### EXERCISE
Write out, please, each line from the one containing "Высокие кроссовки Bundgaard" to the final line of the data, both included, exactly and without pictures.

---------- COLLECTED DATA

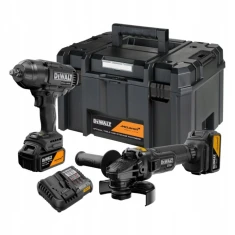 Набір шуруповерт DeWALT DCF99 + кутова шліфмашина DCG45 2x5Ah TSTAK MCLAREN (DCK2225MP2T-QW)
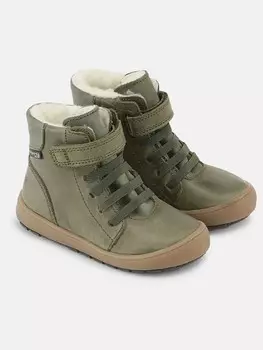 Высокие кроссовки Bundgaard Leder Moot III, хаки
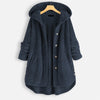 Cardigan à capuche en polaire - manteau d'hiver chaleureux pour femmes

--------------------

### RESPONSE TO THIS EXERCISE
 Высокие кроссовки Bundgaard Leder Moot III, хаки
 Cardigan à capuche en polaire - manteau d'hiver chaleureux pour femmes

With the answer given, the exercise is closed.